When I consider this fact, I feel incredibly proud to be an IB educator, to know that the work I lead in classrooms is fulfilling a mission in which we 

“develop inquiring, knowledgeable and caring young people who help to create a better and more peaceful world through intercultural understanding and respect….students across the world become active, compassionate, and lifelong learners who understand that other people, with their differences, can also be right. (Read the full IB Mission Statement here)

But whether your school is IB or not, I think we, as educators have an obligation to address this dualistic thinking in our schools. We have to address absolutes and teach into complexity. We must actively teach “grayscale thinking” that helps students grapple with uncertainty and change.

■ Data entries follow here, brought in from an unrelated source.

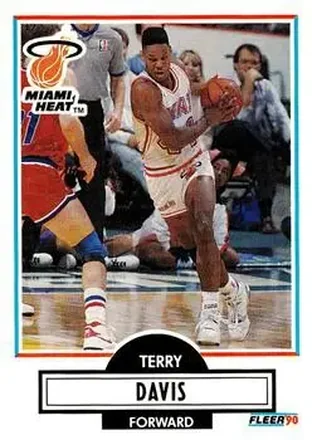 1990-91 Fleer Update #U-49 - Terry Davis - Miami Heat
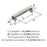 Kane Zinc Polished Nickel Cabinet Pull 2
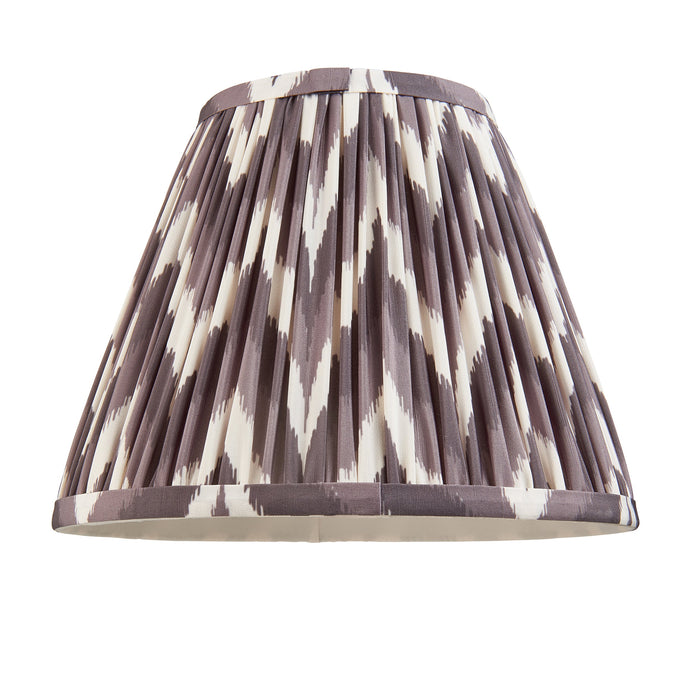 Endon 111324 Zigzag 25cm Tapered Shade Pearl grey fabric 10W LED E27 or B22 (Required)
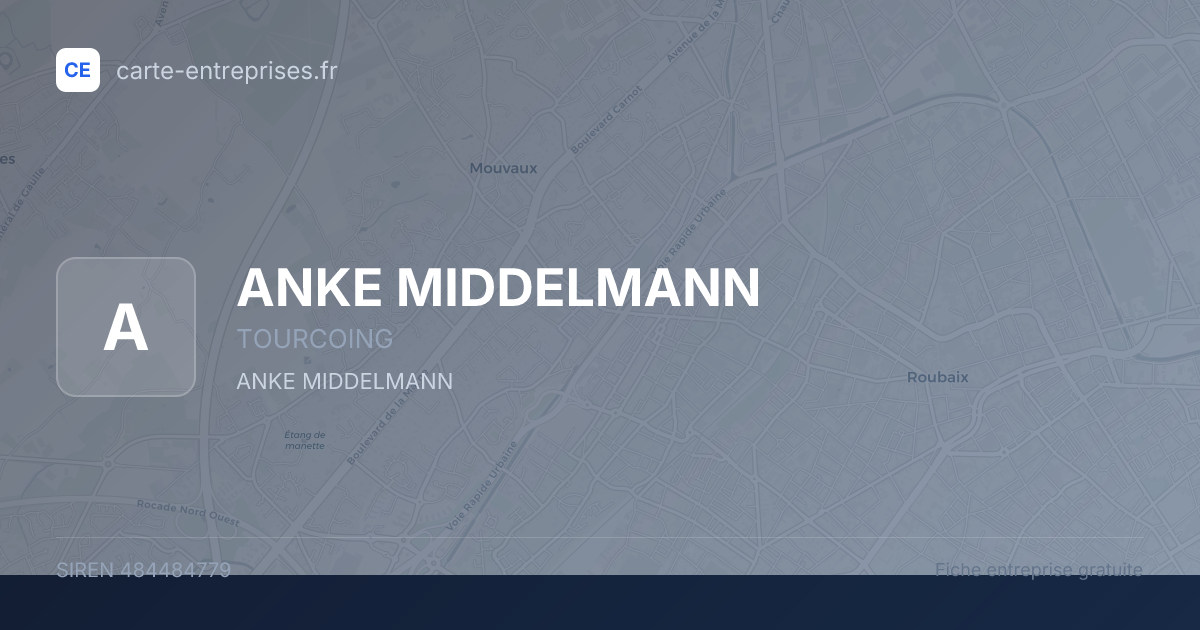 ANKE MIDDELMANN — 484484779 — fiche entreprise
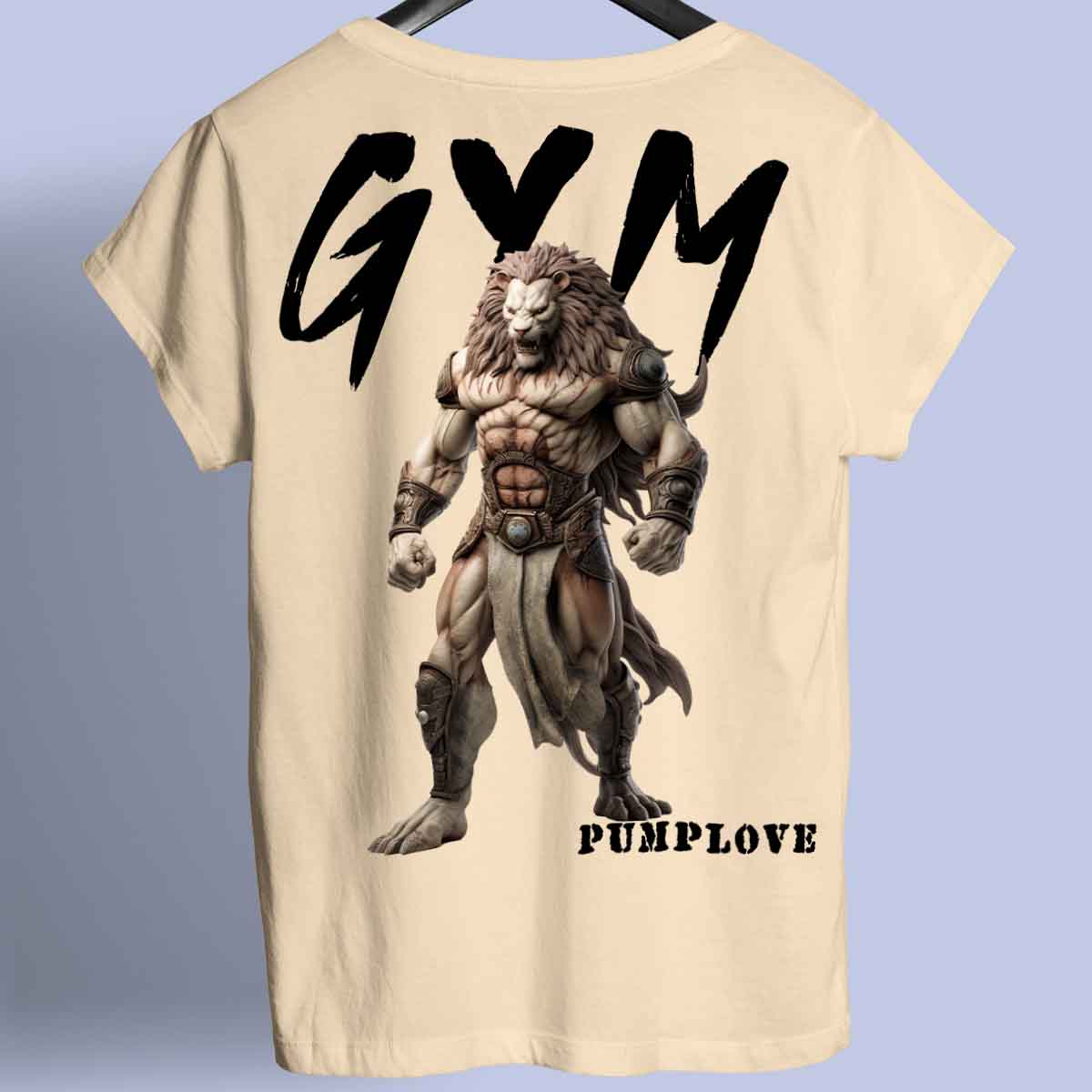 Gym Lion - Chemise Premium Unisexe Backprint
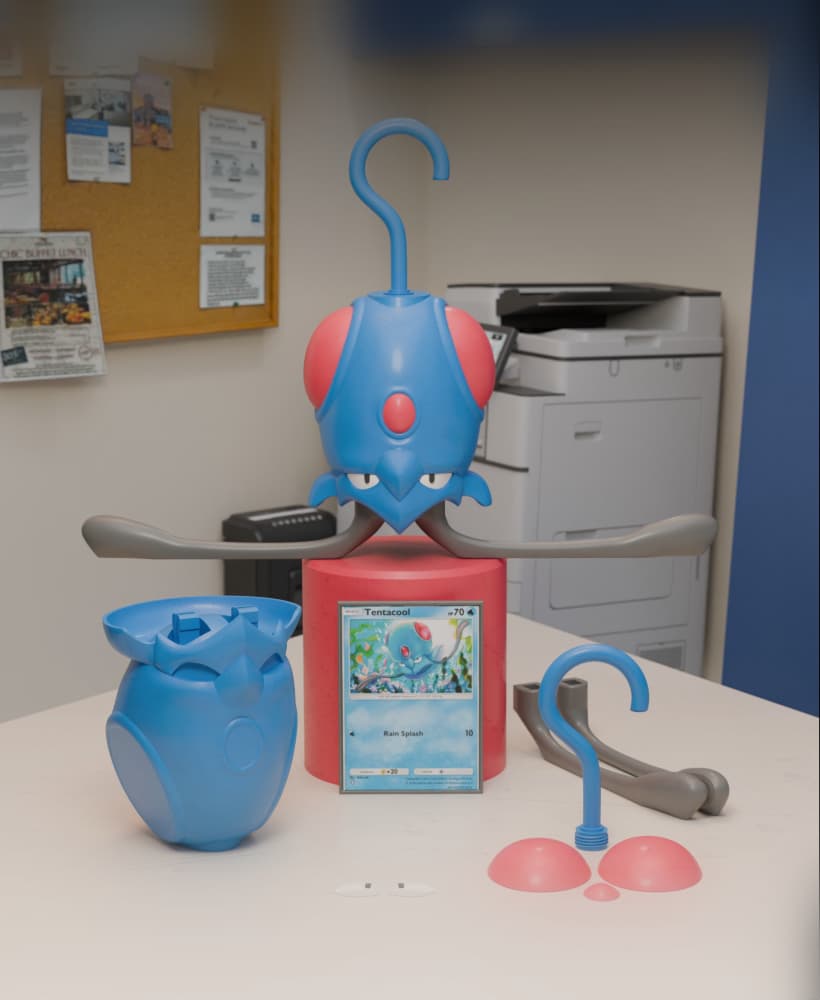 Tentacool Hanger Pokemon 3d model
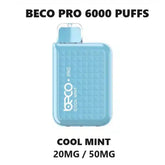 Cool Mint - BECO Pro 6000 Puffs Disposable Vape in Dubai, UAE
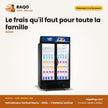 Refroidisseur Vertical Nasco – 1000L – 2 Battants Vertical | NAS-CH1250-2DR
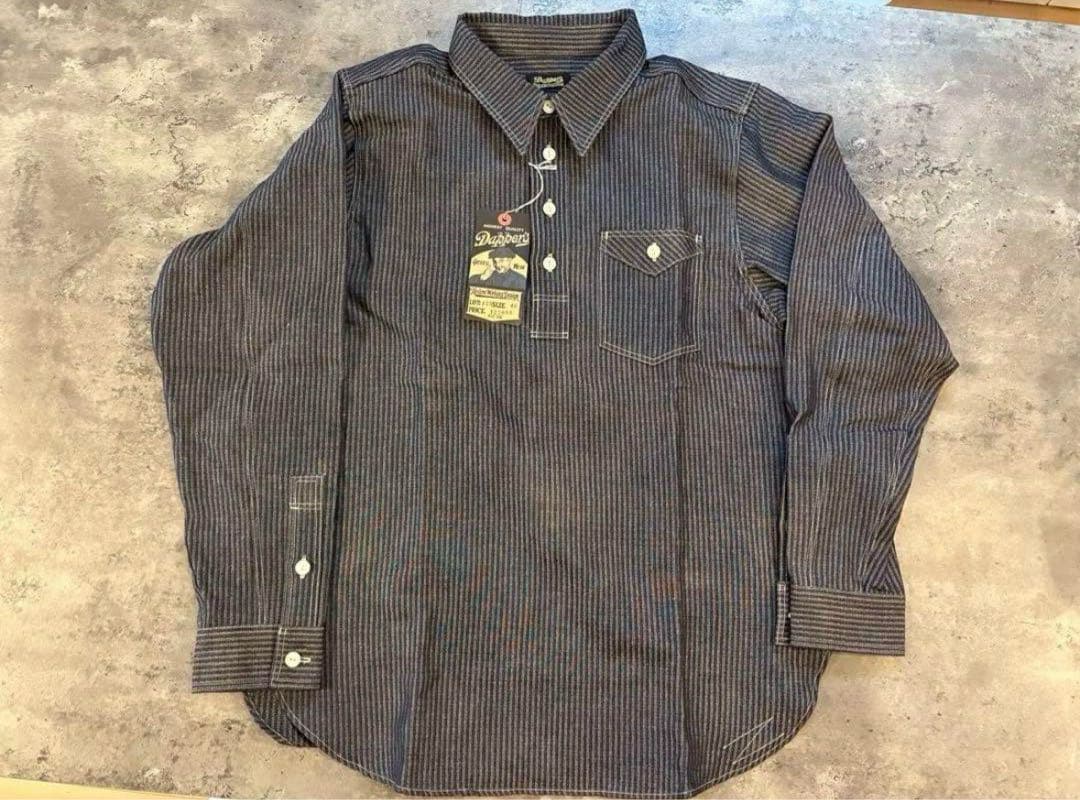 Dapper's ストライプ長袖シャツ サイズ40 Dapper's ストライプ長袖シャツ サイズ40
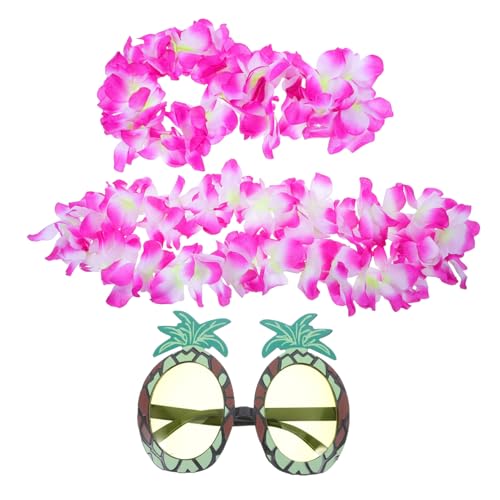 BESPORTBLE 5 Stück Teiliges Hawaii Party mit Lustigen Ananas Brillen Violettem Blumenkranz Kopfschmuck und Armband Leicht Robust Fotorequisit für Karneval Tanz und Stranddeko BESPORTBLE 5 Stück Teiliges Hawaii Party mit Lustigen Ananas Brillen Violettem Blumenkranz Kopfschmuck und Armband Leicht Robust Fotorequisit für Karneval Tanz und Stranddeko von BESPORTBLE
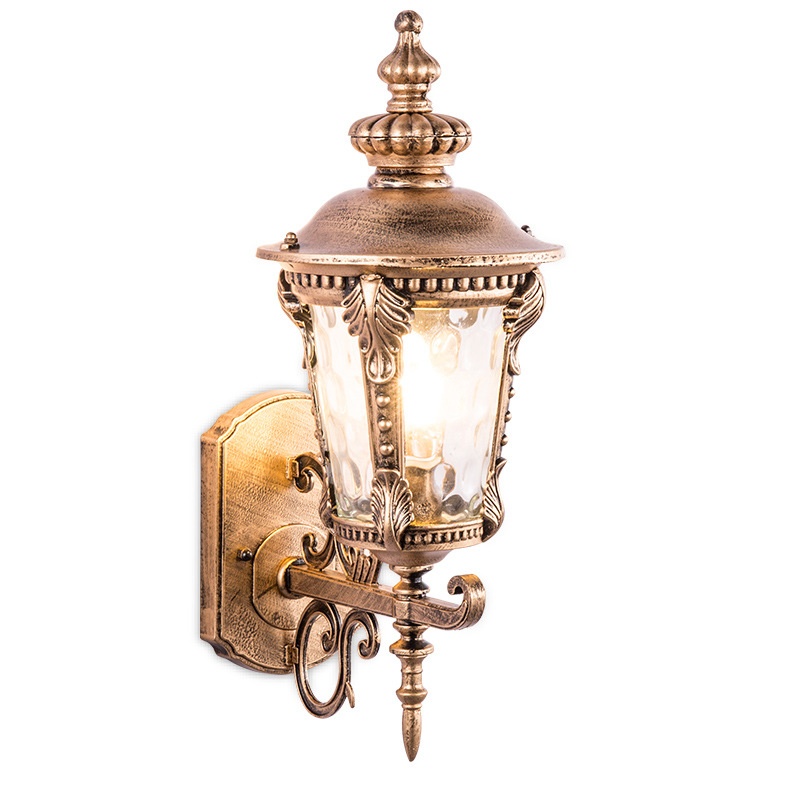 Retro Outdoor Pathway Waterproof Lotus Wall Light LED Wall Lamp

They must become aware that there is rarely a “right answer” but many ways to arrive at a solution.  

A few years ago I came across the work of Sue Looney during the Build Math Minds Summit. Her website Same But Different had been a teaching resource for me but I had never considered the bigger picture of the work she does until recently. One would hardly think of Math as a subject to explore grayscale thinking because it is the ultimate “right answer” subject but her work clearly demonstrates that there is really no discipline in which this type of thinking can’t be taught. Complexity exists everywhere. 

 So I’d like to share 3 Concepts that were inspired by Looney’s work which can be taught in any subject area that develops perspective and nuance that we can imbed into our practice. 

The Power of Connection: Relationships

In order to discover the “gray”, you must explore the basis of how things are connected. Examining relationships to see how they are the same but also simultaneously different.  So let’s look at a couple of concepts and their related concepts in which students can start to develop an understanding of connection through a learning lens:

In math, one can explore the relationships through….

  • Quantity: Backwards and Forwards

In language, one can explore the relationships through….

  • Meaning: punctuation

In science, one can explore the relationships through…

  • Properties: states of  matter

In social studies, one can explore the relationships through…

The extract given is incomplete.